In our second novel (in-progress), Never Do Harm, we have tried to grab the reader’s interest and create commitment to read further with our introductory chapter. See what you think. Here are the first few lines as a taster.
It’s an everyday situation for her.
Again and again until demand, or luck, runs out.
Today it’s the same bar as yesterday. Bar Caravelle on Rue de la Partigon. Nothing fancy. And it’s the same drink as yesterday too – vodka, with just a splash of water. It warms her up, and after a few she begins to feel numb, and that’s good, it helps with whatever follows.
A news item caught my eye this week and saddened my heart. Doctors and nurses are to be charged and possibly imprisoned for not providing adequate care for patients. How that contrasts with one of my recent reads – The Element – How Finding Your Passion Changes Everything by Ken Robinson.
Ken recommends an educational system and ethos which helps individuals discover their gifts, talents, desires, passions and then suggests how to help those develop by joining others of a similar mind (the Tribe) and finding a mentor to guide, challenge and further that person’s development.

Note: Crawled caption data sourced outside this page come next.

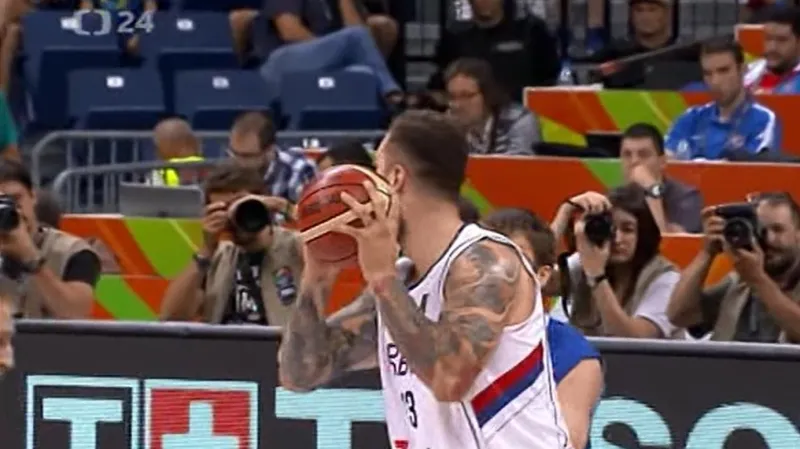 Sestřih kvalifikačního utkání o OH: Česko - Srbsko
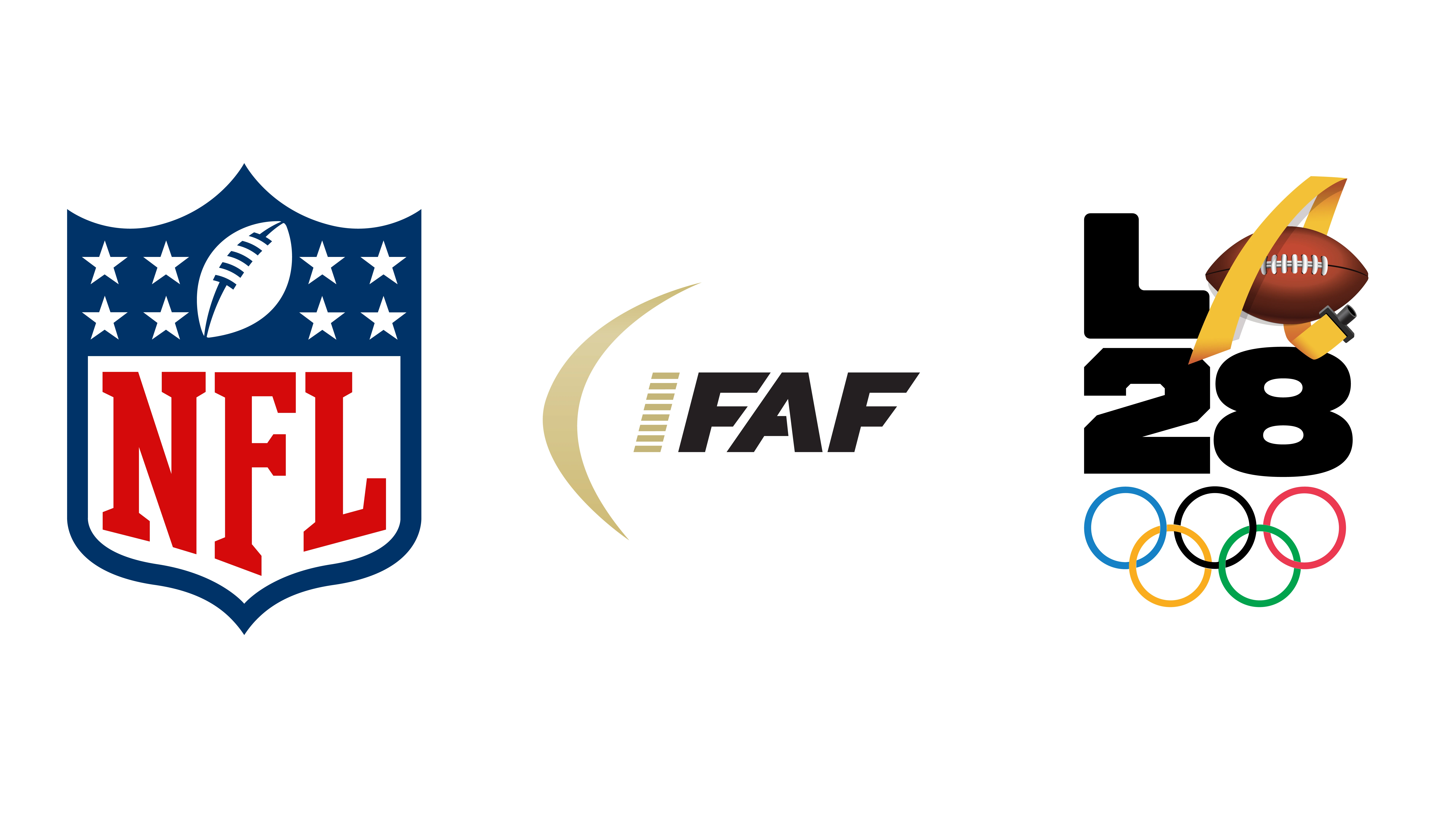 The NFL and LA28 Release New Custom Emblem During Super Bowl LX image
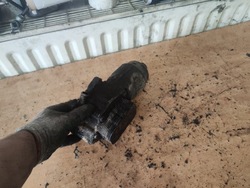 Ford fusion i рестайлінг 1.4 tdci корпус фільтра масла фото №1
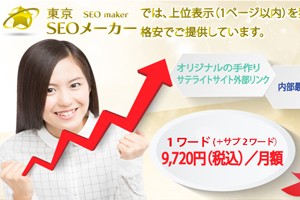アドマノ株式会社の東京SEOメーカー　”格安SEO”1～3位サービス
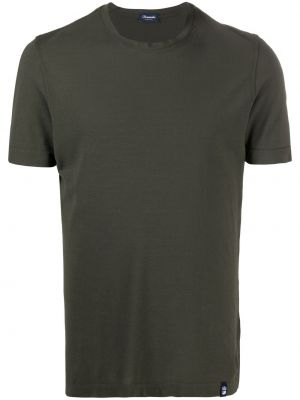 T-shirt mit rundem ausschnitt Drumohr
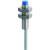 Contrinex DW-AD-614-M8-122 inductive sensor M8, PNP NC, 2.5mm non-flush, Cable 2m PVC, 30mm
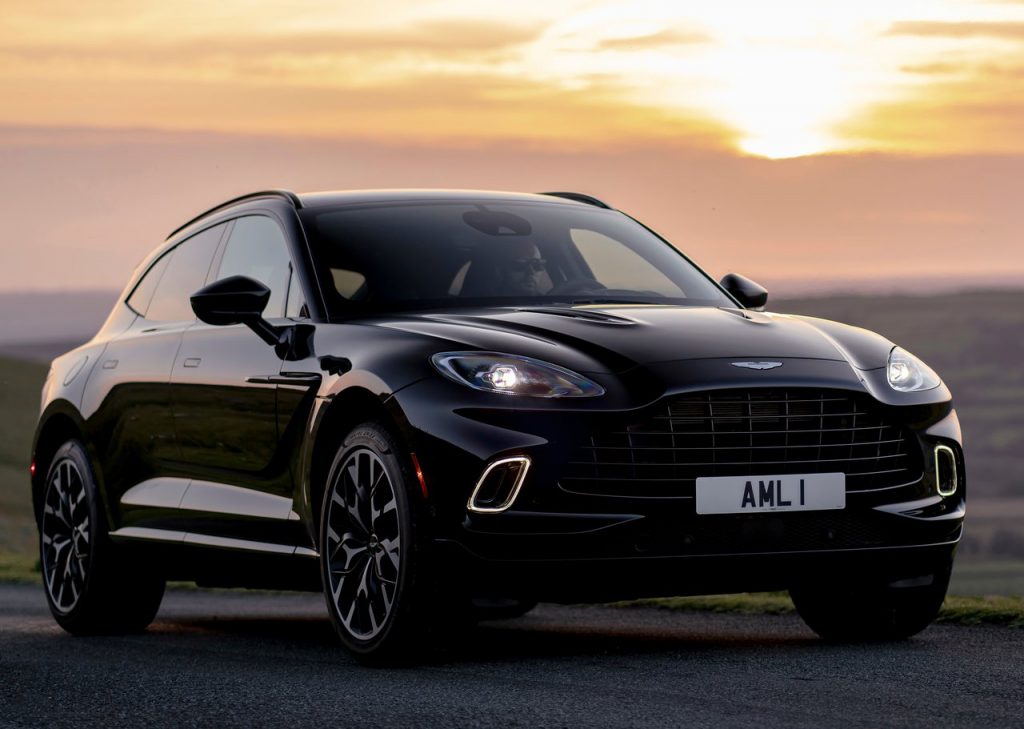Aston Martin DBX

No doubt many doctors and nurses are born to perform a caring role. For some the job may be a real passion, or use of their innate abilities to the full. How much better then that the working environment stimulates commitment, rewards professionalism and enthusiasm, and uses examples of exceptional practitioners to motivate and inspire.
But no, some people think the big stick works better. Not only ‘Never Do Harm‘, but if we catch you failing, we’ll make sure you end up bitter, defensive and demotivated.